Cassandra Documentation

Version:

You are viewing the documentation for a prerelease version.

ALTER TABLE

Modifies the columns and properties of a table.

Add new columns, drop existing columns, renames columns, and modify table properties. The command returns no results.

ALTER COLUMNFAMILY is deprecated.

See also: CREATE TABLE, DROP TABLE, CREATE CUSTOM INDEX for Storage-Attached Indexes (SAI), CREATE INDEX for secondary indexes (2i)

Syntax

BNF definition:

alter_table_statement::= ALTER TABLE [ IF EXISTS ] table_name alter_table_instruction
alter_table_instruction::= ADD [ IF NOT EXISTS ] column_definition ( ',' column_definition)*
	| DROP [ IF EXISTS ] column_name ( ',' column_name )*
	| RENAME [ IF EXISTS ] column_name to column_name (AND column_name to column_name)*
	| ALTER [ IF EXISTS ] column_name ( column_mask | DROP MASKED )
	| WITH options
column_definition::= column_name cql_type [ column_mask]
column_mask::= MASKED WITH ( DEFAULT | function_name '(' term ( ',' term )* ')' )
ALTER TABLE [<keyspace_name>.]<table_name>
  [ ADD ( <column_definition> | <column_definition_list> ) [ , ... ] ]
  [ DROP <column_name> [ , ... ] ]
  [ [ RENAME <column_name> TO <column_name> ] ]
  [ WITH <table_properties> [ , ... ] ];
Syntax legend
Legend
Syntax conventions Description

UPPERCASE

Literal keyword.

Lowercase

Not literal.

< >

Variable value. Replace with a user-defined value.

[]

Optional. Square brackets ([]) surround optional command arguments. Do not type the square brackets.

( )

Group. Parentheses ( ( ) ) identify a group to choose from. Do not type the parentheses.

|

Or. A vertical bar (|) separates alternative elements. Type any one of the elements. Do not type the vertical bar.

...

Repeatable. An ellipsis ( ... ) indicates that you can repeat the syntax element as often as required.

'<Literal string>'

Single quotation (') marks must surround literal strings in CQL statements. Use single quotation marks to preserve upper case.

{ <key> : <value> }

Map collection. Braces ({ }) enclose map collections or key value pairs. A colon separates the key and the value.

<datatype2

Set, list, map, or tuple. Angle brackets ( < > ) enclose data types in a set, list, map, or tuple. Separate the data types with a comma.

<cql_statement>;

End CQL statement. A semicolon (;) terminates all CQL statements.

[--]

Separate the command line options from the command arguments with two hyphens ( -- ). This syntax is useful when arguments might be mistaken for command line options.

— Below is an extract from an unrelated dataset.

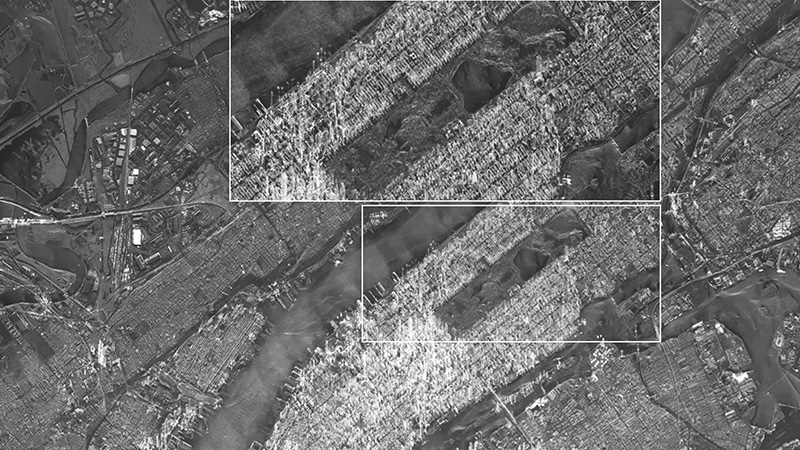 Central Park, large urban park located at the heart of Manhattan, imaged by Hanwha Systems' small SAR satellite.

' <<schema\> ... </schema\>> '

Search CQL only: Single quotation marks (') surround an entire XML schema declaration.

@<xml_entity>='<xml_entity_type>'

Search CQL only: Identify the entity and literal value to overwrite the XML element in the schema and solrConfig files.

Required parameters

table_name

Name of the table to alter.

column_name

Name of the column to alter, drop, or add.

column_definition

Enclosed in parentheses after the table name, use a comma-separated list to define multiple columns. All tables must have at least one primary key column. Each column is defined using the following syntax: column_name cql_type_definition [STATIC | PRIMARY KEY] [, ...]

Restriction:

  • A table must have at least one PRIMARY KEY.

  • When PRIMARY KEY is at the end of a column definition, that column is the only primary key for the table, and is defined as the partition-key[partition key].

  • A static column cannot be a primary key.

  • Primary keys can include frozen collections.

    column_name

    Use a unique name for each column in a table. To preserve case or use special characters, enclose the name in double-quotes.

    cql_type_definition

    Defines the type of data allowed in the column. See CQL data type or a user-defined type.

    STATIC

    Optional, the column has a single value.

    PRIMARY KEY

    When the PRIMARY KEY is one column, append PRIMARY KEY to the end of the column definition. This is only schema information required to create a table. When there is one primary key, it is the partition key; the data is divided and stored by the unique values in this column: column_name cql_type_definition PRIMARY KEY.

    Alternatively, you can declare the primary key consisting of only one column in the same way as you declare a compound primary key.

Optional parameters

keyspace_name

Name of the keyspace that contains the table to alter. If no name is specified, the current keyspace is used.

ADD ( <column_definition> | <column_definition_list> )

Add one or more columns and set the column data types. Specify the column names followed by the data types. The column value is automatically set to null. To add multiple columns, use a comma separated list of columns placed inside parentheses.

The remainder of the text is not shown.